The arrival of May brings off the beginnings of the traditional wedding season. For many, that means kicking in to a Honeyfund in exchange for enjoying an open bar. For a member of the bridal party, a wedding announcement means something slightly more involved. It’s an honor when a close friend or family member asks you to stand with them in a show of support while they make one of the most important commitments of their lives.
In many cases, it’s also a monumental hassle.
If you’ve never been in a wedding, feel free to take my word for it. I’ve worn my share of aquamarine dresses and strappy silver shoes. I’ve invented more than one game for bridal showers. (“Bridal Scattergories” is a hit. Every. Single. Time.) After years of experience, I can tell you that metallic gold temporary tattoos almost always go over better at a bachelorette party than sashes and tiaras.
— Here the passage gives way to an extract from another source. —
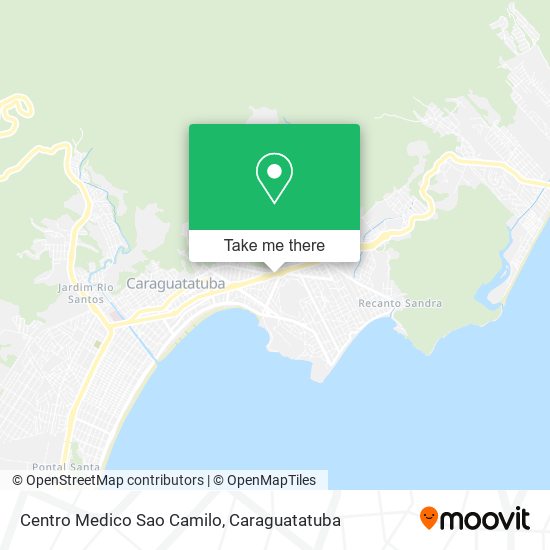 Mapa Centro Medico Sao Camilo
It’s taken me a decade to earn this expertise, but if you’re new to the game, don’t worry – there are shortcuts. You can count on books to support you in every possible way while you’re supporting someone else in every possible way.
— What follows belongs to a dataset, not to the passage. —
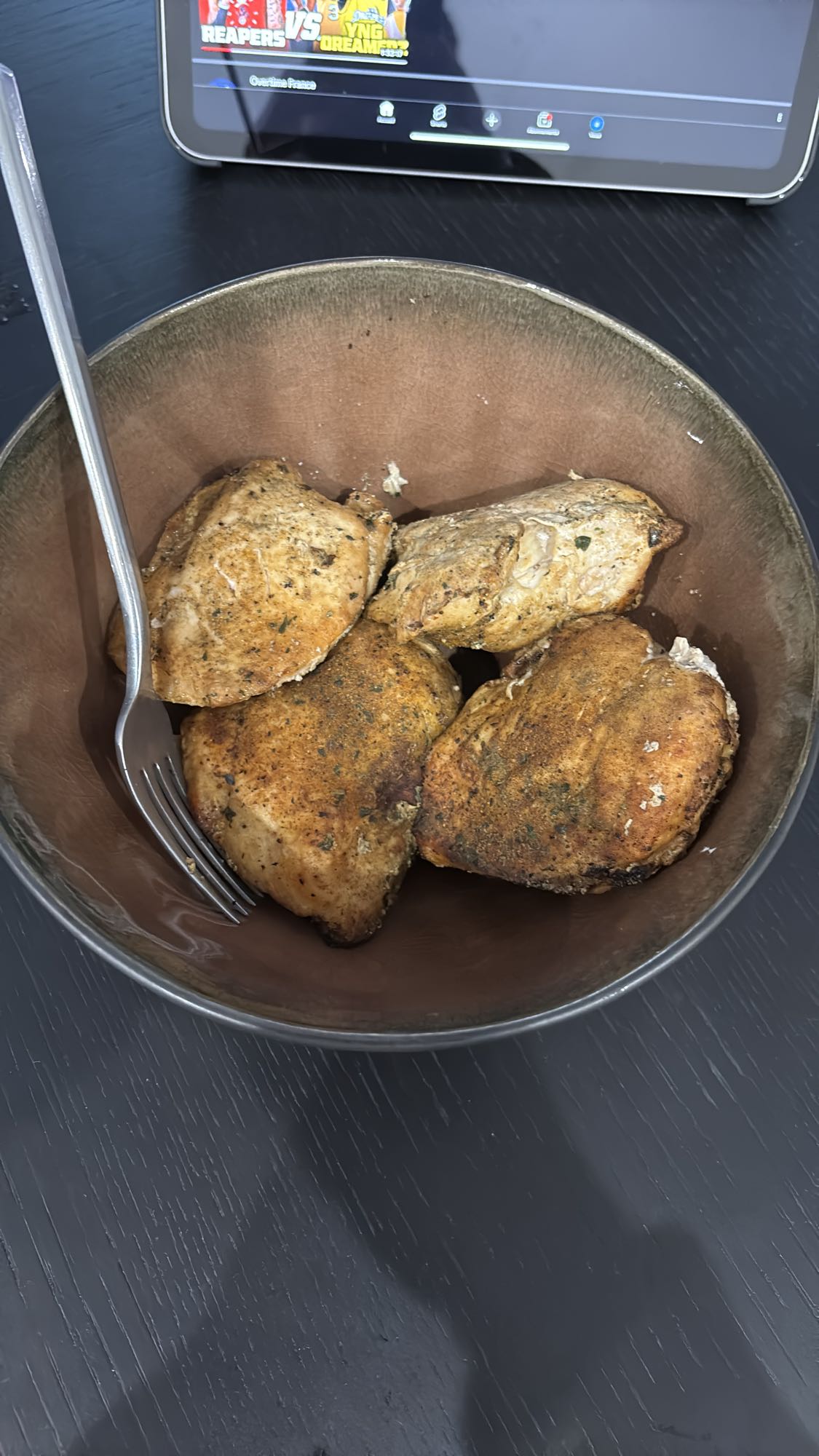 Poitrine de poulet grillée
It is possible to be in someone’s wedding and not spend a dime. Probably. I can’t say for sure, since it’s never happened that way for me. Even if one wedding that you’re in doesn’t require a huge financial commitment, a lot of us run into the situation of having two or three or seven in a year. And in a phenomenon I like to call “Trisha’s Law,” they’re never in the same time zone.
Since you usually don’t get to pick the location of someone else’s wedding or the cost of the attire required to stand next to a bride or groom, you may have to plan ahead and budget a bit to get to all of the happy occasions on your calendar. For budgeting and finance tips that will help even the non-wedding parts of your life, check out You’re So Money by Farnoosh Torabi. And for day-to-day saving tips (every dollar counts when you need to tip a limo driver), try David Bach’s Fight for Your Money.
Parties and People
There are an awful lot of people involved in weddings – friends, families, vendors who got invited out of obligation, and so on. There’s an excellent chance that at some point, you’re going to have to make conversation with someone you either don’t know or don’t like. I’ve found that nothing quite breaks the ice among strangers like the right book.
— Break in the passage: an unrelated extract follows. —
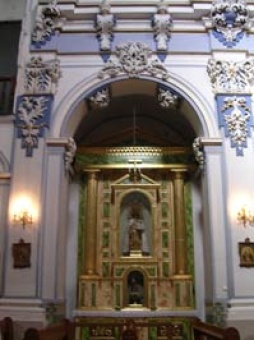 Interior de la Iglesia de Chulilla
For the last few weddings I’ve been in, I’ve attended a getaway weekend for one half or other of the happy couple, and the one thing I always pack (in addition to booze) is The Only Astrology Book You’ll Ever Need by Joanna Martine Woolfolk. It’s a book that serves a social purpose and creates conversation. Even if people don’t care about their horoscope, just about everyone wants to know if the traits connected with their sign accurately reflect how they see themselves.
I’ve had pretty universal success with that one, but depending on your group, you might have other options for a crowd pleaser. 1,000 Places to See Before You Die can spur conversation among those with the travel bug, and I wish I’d had Jessamyn Stanley’s Every Body Yoga last fall when I was at a wedding in Asheville, NC where just about every body and mind present would have dug Stanley’s combo of yoga tips and personal reflections.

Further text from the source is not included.